Saturday, April 20, 2019
ONE HUNDRED YEAR FLOODPLAIN (SDDB)
It truly is amazing how practical smart our previous generations were. For example when you look carefully at aerial photographs you realize that the previous Stroh generation located their farm fields and farmhouse on the outskirts of Elmira (Hwy # 86)on the high ground just immediately above the one hundred year floodplain line as drawn by the Grand River Conservation Authority (GRCA). I believe that those location decisions were made many decades prior to the GRCA actually calculating and computing based upon elevations and calculations of water levels.
These decisions were also made many decades prior to any man made earthworks devised to mitigate flood damage. They were also obviously made decades before the Woolwich Dam was constructed in 1972. It was constructed both in summer and low flow periods to flush Uniroyal wastes down the Canagagigue Creek as well as to assist in reducing spring floods. It is however primarily an earthen dam albeit with considerable rock involved but nevertheless I believe that catastrophic dam failures are far more likely with earthen dams than with totally concrete dams.
I left some hints in Thursday's post here in the Advocate in regards to a berm on the Stroh property in a somewhat peculiar location. That location is on the immediate east side of the Stroh Drain and hence runs in a north-south line. The two recent March 2019 aerial photographs showed the floodplain line coming from north to south similar to the flow direction of the Creek on their site although then expanding in an easterly direction approximately at the 347.5 metres above sea level (masl) ground elevation contour. There are then two narrow southward sort of U shaped contours in the floodplain line with the second one being much longer and narrower than the first more northerly one. That second one is actually the berm on the east side of the Stroh Drain. Hence it is apparent from the aerial photographs that both the Stroh Drain and the berm were engineered to block the flow of flood waters in an eastward direction. The question is why.
Recall that in the first paragraph I indicated that the farm fields and the original farmhouse were located outside (i.e. higher elevation) than the 100 year floodplain line. Therefore why build a dual purpose drain, ditch and berm?
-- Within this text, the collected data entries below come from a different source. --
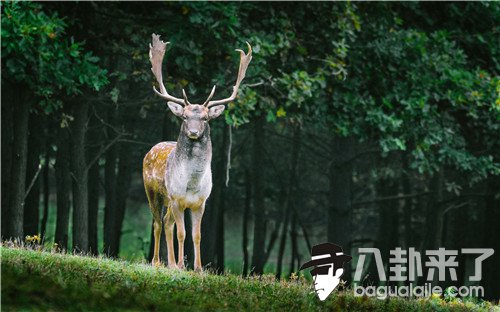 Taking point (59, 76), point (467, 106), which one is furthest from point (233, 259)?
point (59, 76)

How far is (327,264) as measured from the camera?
11391mm

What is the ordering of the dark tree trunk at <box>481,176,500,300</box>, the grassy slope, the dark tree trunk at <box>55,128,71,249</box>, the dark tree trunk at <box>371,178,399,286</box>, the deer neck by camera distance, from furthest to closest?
1. the dark tree trunk at <box>371,178,399,286</box>
2. the dark tree trunk at <box>481,176,500,300</box>
3. the dark tree trunk at <box>55,128,71,249</box>
4. the deer neck
5. the grassy slope

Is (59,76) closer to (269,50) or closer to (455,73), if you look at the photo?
(269,50)

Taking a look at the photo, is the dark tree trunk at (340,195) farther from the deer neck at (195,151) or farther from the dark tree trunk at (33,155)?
the deer neck at (195,151)

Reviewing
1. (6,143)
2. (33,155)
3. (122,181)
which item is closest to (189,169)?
(6,143)

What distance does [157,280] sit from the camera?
485 inches

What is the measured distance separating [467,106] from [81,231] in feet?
29.7

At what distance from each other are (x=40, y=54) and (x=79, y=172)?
4.12 meters

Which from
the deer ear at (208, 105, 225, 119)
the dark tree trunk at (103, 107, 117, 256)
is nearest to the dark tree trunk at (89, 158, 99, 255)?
the dark tree trunk at (103, 107, 117, 256)

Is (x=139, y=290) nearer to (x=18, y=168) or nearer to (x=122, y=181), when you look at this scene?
(x=18, y=168)

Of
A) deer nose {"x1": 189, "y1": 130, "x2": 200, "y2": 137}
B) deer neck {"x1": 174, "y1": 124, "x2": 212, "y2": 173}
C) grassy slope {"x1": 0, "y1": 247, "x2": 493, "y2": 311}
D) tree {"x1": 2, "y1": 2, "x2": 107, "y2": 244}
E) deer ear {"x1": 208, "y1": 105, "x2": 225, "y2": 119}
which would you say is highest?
tree {"x1": 2, "y1": 2, "x2": 107, "y2": 244}

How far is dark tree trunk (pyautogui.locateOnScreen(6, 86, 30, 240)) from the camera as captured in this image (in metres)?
19.2

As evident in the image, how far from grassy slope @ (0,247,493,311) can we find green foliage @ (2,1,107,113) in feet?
17.5

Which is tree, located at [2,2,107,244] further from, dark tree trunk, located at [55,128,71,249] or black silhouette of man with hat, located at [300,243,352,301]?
black silhouette of man with hat, located at [300,243,352,301] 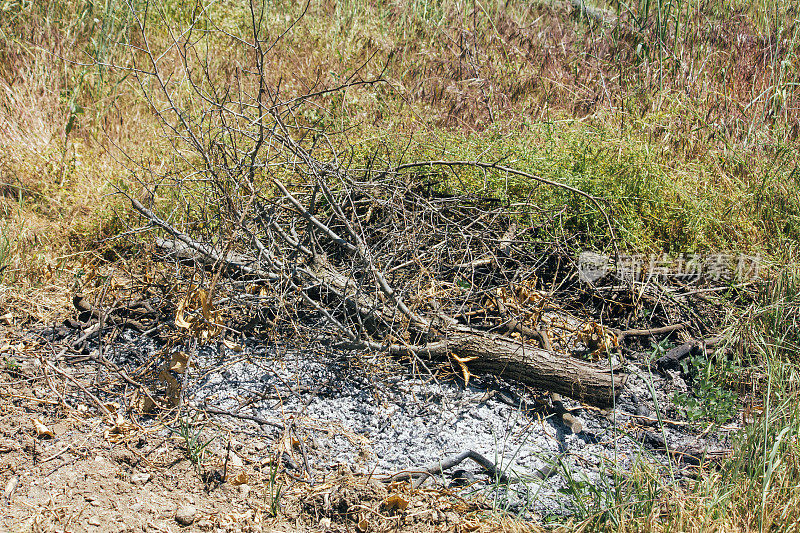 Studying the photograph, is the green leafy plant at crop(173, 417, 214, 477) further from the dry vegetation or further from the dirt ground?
the dry vegetation

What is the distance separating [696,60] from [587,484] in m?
3.93

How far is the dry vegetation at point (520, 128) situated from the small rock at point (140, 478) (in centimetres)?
110

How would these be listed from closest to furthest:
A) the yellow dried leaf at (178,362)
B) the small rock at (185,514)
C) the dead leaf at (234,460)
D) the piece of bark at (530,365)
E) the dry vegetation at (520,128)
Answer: the small rock at (185,514)
the dead leaf at (234,460)
the yellow dried leaf at (178,362)
the piece of bark at (530,365)
the dry vegetation at (520,128)

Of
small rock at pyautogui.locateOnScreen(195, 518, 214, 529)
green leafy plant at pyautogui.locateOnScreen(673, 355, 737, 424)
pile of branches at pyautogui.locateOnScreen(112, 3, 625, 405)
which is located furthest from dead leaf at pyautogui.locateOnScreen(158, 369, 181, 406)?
green leafy plant at pyautogui.locateOnScreen(673, 355, 737, 424)

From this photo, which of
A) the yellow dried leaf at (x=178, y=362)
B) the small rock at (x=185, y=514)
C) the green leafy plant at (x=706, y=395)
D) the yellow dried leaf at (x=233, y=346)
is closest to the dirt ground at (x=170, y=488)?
the small rock at (x=185, y=514)

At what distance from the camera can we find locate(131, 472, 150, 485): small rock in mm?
2176

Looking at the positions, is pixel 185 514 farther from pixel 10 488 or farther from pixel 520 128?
pixel 520 128

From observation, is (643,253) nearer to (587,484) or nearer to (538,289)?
(538,289)

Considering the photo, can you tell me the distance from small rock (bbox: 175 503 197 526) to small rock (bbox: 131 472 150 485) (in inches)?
7.9

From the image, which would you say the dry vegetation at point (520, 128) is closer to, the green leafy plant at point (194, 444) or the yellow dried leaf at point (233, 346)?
the yellow dried leaf at point (233, 346)

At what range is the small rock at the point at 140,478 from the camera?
2.18 m

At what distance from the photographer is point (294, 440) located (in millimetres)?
2441

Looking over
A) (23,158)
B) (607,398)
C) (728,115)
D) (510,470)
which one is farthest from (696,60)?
(23,158)

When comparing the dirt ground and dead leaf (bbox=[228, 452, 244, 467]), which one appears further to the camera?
dead leaf (bbox=[228, 452, 244, 467]) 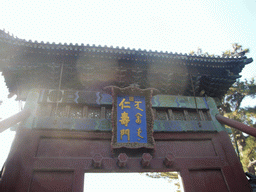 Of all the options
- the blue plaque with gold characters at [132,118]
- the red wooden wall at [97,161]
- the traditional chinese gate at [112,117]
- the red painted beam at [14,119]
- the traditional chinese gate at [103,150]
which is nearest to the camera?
the red painted beam at [14,119]

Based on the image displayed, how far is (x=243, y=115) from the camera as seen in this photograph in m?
11.2

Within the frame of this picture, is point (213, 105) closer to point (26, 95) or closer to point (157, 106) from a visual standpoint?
point (157, 106)

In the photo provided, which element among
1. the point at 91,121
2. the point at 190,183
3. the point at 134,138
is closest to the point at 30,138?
the point at 91,121

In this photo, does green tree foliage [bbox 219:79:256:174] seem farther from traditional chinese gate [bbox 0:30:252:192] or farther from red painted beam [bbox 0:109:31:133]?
red painted beam [bbox 0:109:31:133]

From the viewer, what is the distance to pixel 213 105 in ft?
24.7

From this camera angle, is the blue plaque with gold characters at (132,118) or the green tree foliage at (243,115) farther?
the green tree foliage at (243,115)

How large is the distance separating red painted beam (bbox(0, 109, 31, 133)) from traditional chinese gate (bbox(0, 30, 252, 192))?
4cm

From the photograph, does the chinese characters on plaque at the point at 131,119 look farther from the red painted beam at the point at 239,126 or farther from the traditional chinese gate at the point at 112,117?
the red painted beam at the point at 239,126

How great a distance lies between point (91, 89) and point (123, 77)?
1.34 m

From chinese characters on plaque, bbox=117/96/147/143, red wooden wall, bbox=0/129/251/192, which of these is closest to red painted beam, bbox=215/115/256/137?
red wooden wall, bbox=0/129/251/192

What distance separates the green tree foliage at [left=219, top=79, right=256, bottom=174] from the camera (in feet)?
33.1

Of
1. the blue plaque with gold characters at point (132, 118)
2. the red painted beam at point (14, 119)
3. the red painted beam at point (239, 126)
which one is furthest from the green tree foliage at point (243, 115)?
the red painted beam at point (14, 119)

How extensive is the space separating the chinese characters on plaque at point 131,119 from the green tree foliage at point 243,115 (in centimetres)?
605

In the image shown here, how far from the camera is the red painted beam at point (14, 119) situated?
15.5ft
It's a drain as it has successfully drained both surface and groundwater from both the Lanxess and Stroh property since approximately 1985. It is a ditch as it is approximately six feet deep and usually only has a few inches of water in the bottom flowing south and south-east back into the Canagagigue Creek. Lastly what are known as the dredge spoils (earth excavated from the ditch) are in fact a large berm that in conjunction with the ditch is stopping and redirecting eastward flowing creek waters in a southward direction. For me the only possible reason is to mitigate, reduce and redirect the force of the flooding Canagagigue Creek from scouring and eroding highly contaminated soils (Dioxins/furans/lindane/PCBs?) to the immediate east of the drain and ditch and berm.
From this point on I will refer to the Stroh Drain as the Stroh Drain, Ditch & Berm or SDDB.